They changed the art direction:
games.on.net: Let’s talk about the upgraded art style. Why the change in art direction this time around?
Heather Rabatich: Well, we wanted Dragon Age 2 to stand out from the generic fantasy genre. Origins was a very specific type of fantasy game and Dragon Age 2 isn’t that type of fantasy game, it still has a lot of the carry over, but we don’t want it to get lost in that mix. This is a very specific type of game and we wanted to give it that cleaner updated look. So we still have these beautiful cities and vast landscapes and we haven’t departed completely from it, but if you look at a screen shot you’ll know its Dragon Age 2. It’s actually an ever growing market, half the games out there right now seem to be fantasy and I think our style is now setting us apart from that, it matches the combat, it matches the new type of story we’re doing.

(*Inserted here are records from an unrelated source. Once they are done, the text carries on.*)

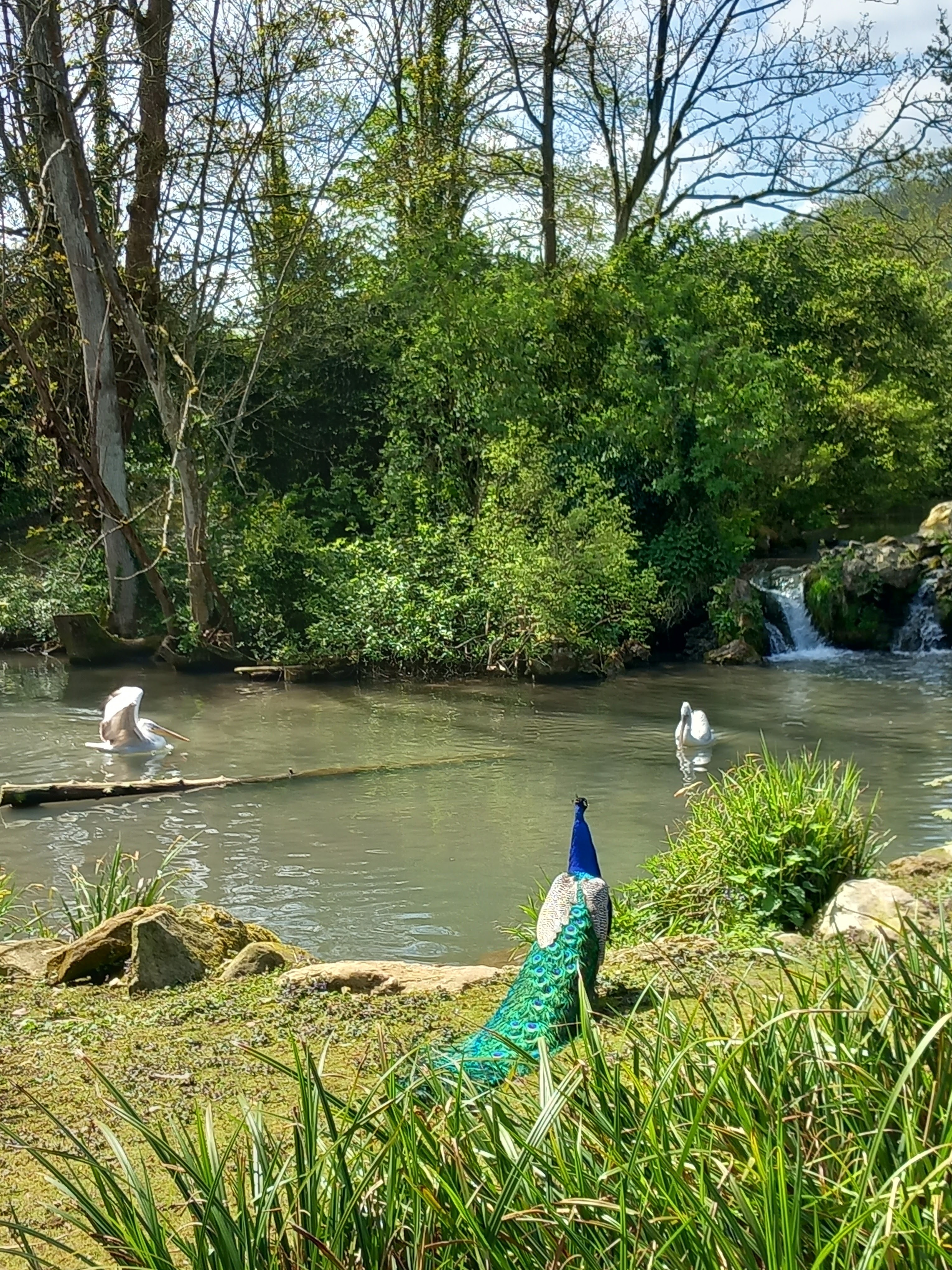 Photo n° 2 de l'avis de Karl.h fait le 01/05/2023 à 06:31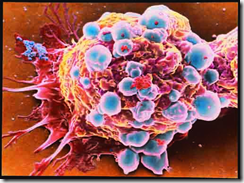 thalidomide cure cancer thalidomide cure cancer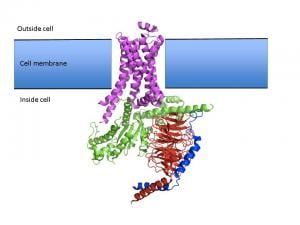 Photo courtesy Argonne National Laboratory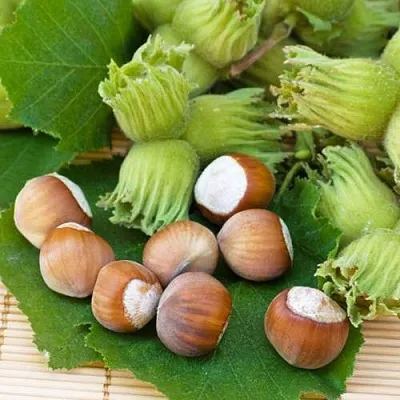 Фундук КРЕПКИЙ ОРЕШЕК в Ярославле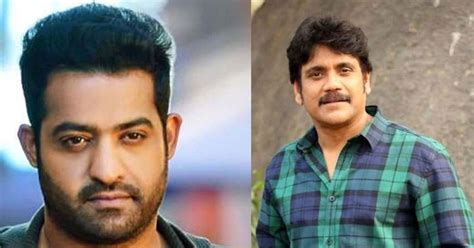 Jr Ntr And Nagarjuana Relationshio In Tollywood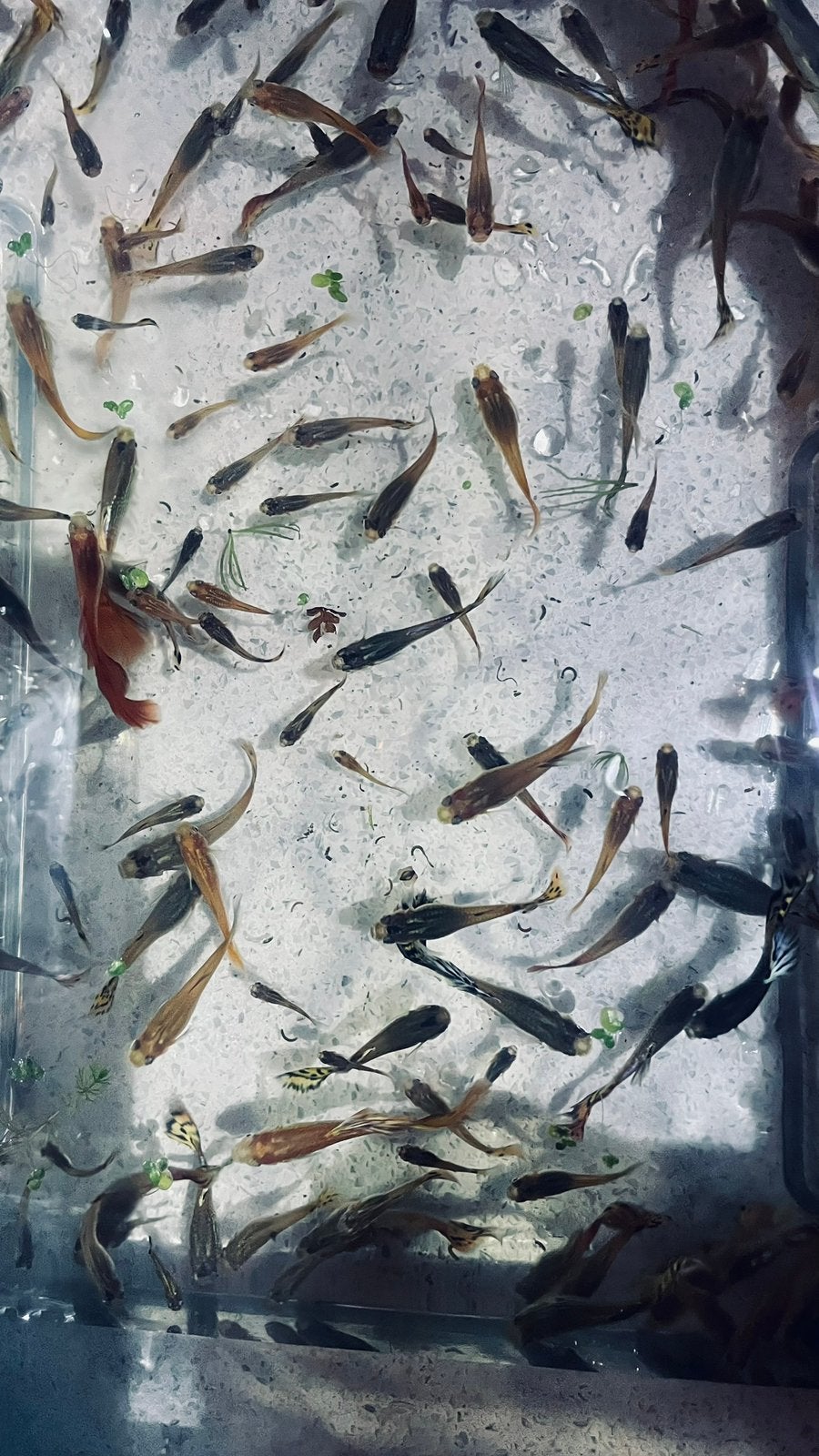 Guppen en guppy’s- 100  vissen voor € 25,- ( 50 voor € 15,-), Vis, Zoetwatervis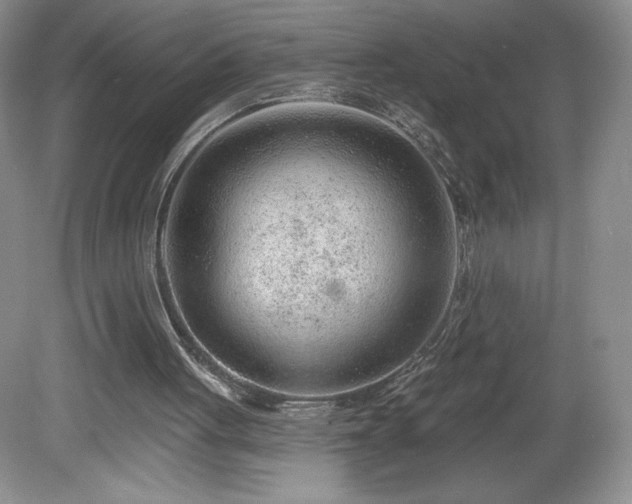 X0000081560051200701221037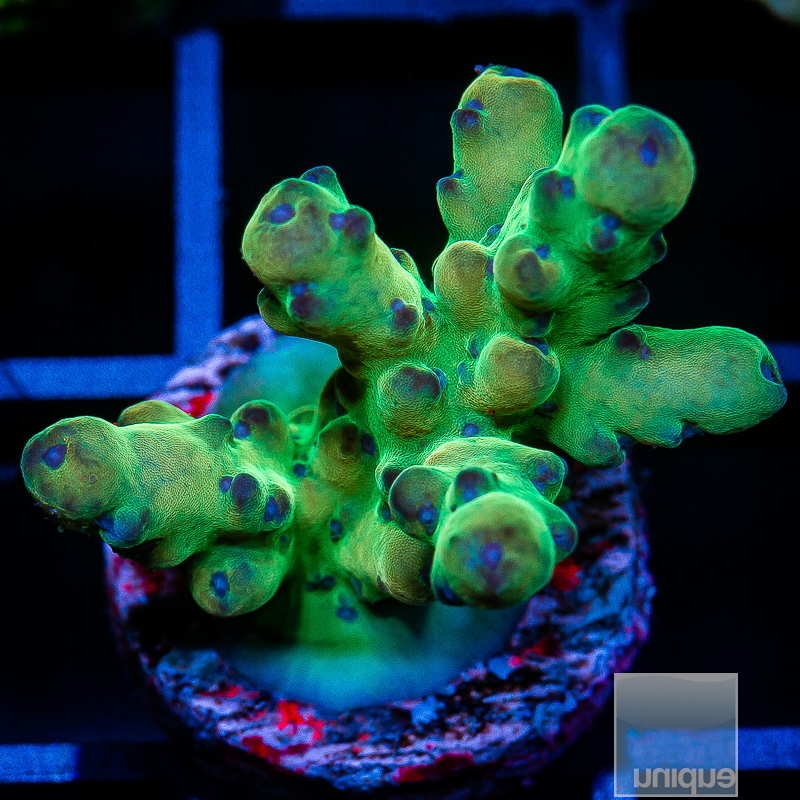 P Deepwater Acropora 89 42.JPG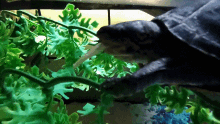 Turtle Eating GIF - Turtle Eating Hello Chat GIFs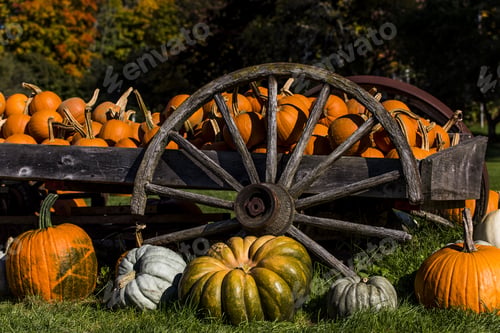 Preview: A Close View Of Pumpkins On A Wagon At A Farmers Market In Vermont.
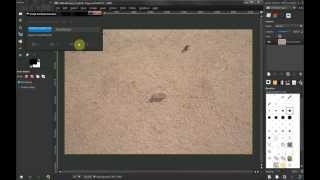 Celebrity GIMP tutorial: How to remove object from your photograph using heal selection and healing tool Net Worth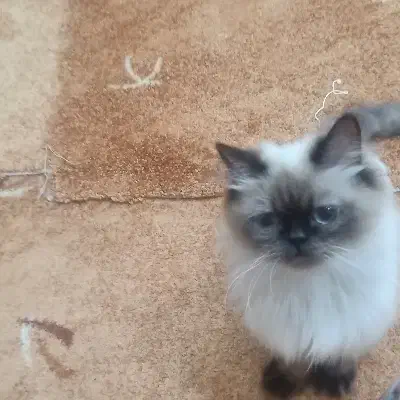 گربه هیمالیا|گربه|اهواز, کیانپارس |دیوار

This game is a ... very specific type of game, you know, like, very specific with landscapes and cities and shit. Thanks for the info, Heather!
They're going to improve accessibility:
games.on.net: And how do you make it more accessible?
Heather Rabatich: Well, you press a button and something cool happens! There’s like a cause and effect, its happening before your eyes, you’re not having to pause and set up a scene if you don’t want to, and you’re not getting annihilated if you don’t play that way. So the pause, and the tactics, and and strategy is there, and you might not even realise you’re being strategic initially, but after a while you start seeing how cool it is when you combine abilities and party members specialties, and you’ve got everybody fighting together and its interesting to be able to jump between the characters, and I just think its still a strategic game, but we have sort of made it a little lighter in the sense that you can just pick it up and play it and know what to do. It’s a very satisfying combat system for both types of player.
Causality - cause and effect. But wait, here comes the single biggest improvement:
games.on.net: From your personal opinion, what is the single biggest improvement between the two?
Heather Rabatich: There’s so much I liked about the first game, but personally, for me combat-wise, that is a big thing for me because I’m tactical to a certain degree but then sometimes I just button-mash my way through, I just wanna get to the next part of the story, so I don’t always want the epic combat, I just want to beat it and be done with it. And it really depends on where I’m at in the gameplay, so I like this type of combat, I feel like its faster and the pace is faster so I would say that for me that’s one of the things that, as someone who’s playing the game everyday, watching the combat improve and seeing how the game is changing in that way has, for me, been a very satisfying experience.
Seems Ol' Pete proved himself a true visionary once again because he recognized the significance of one-button-mashing combat goodness years before BioWare and CDProjekt caught up with the trend.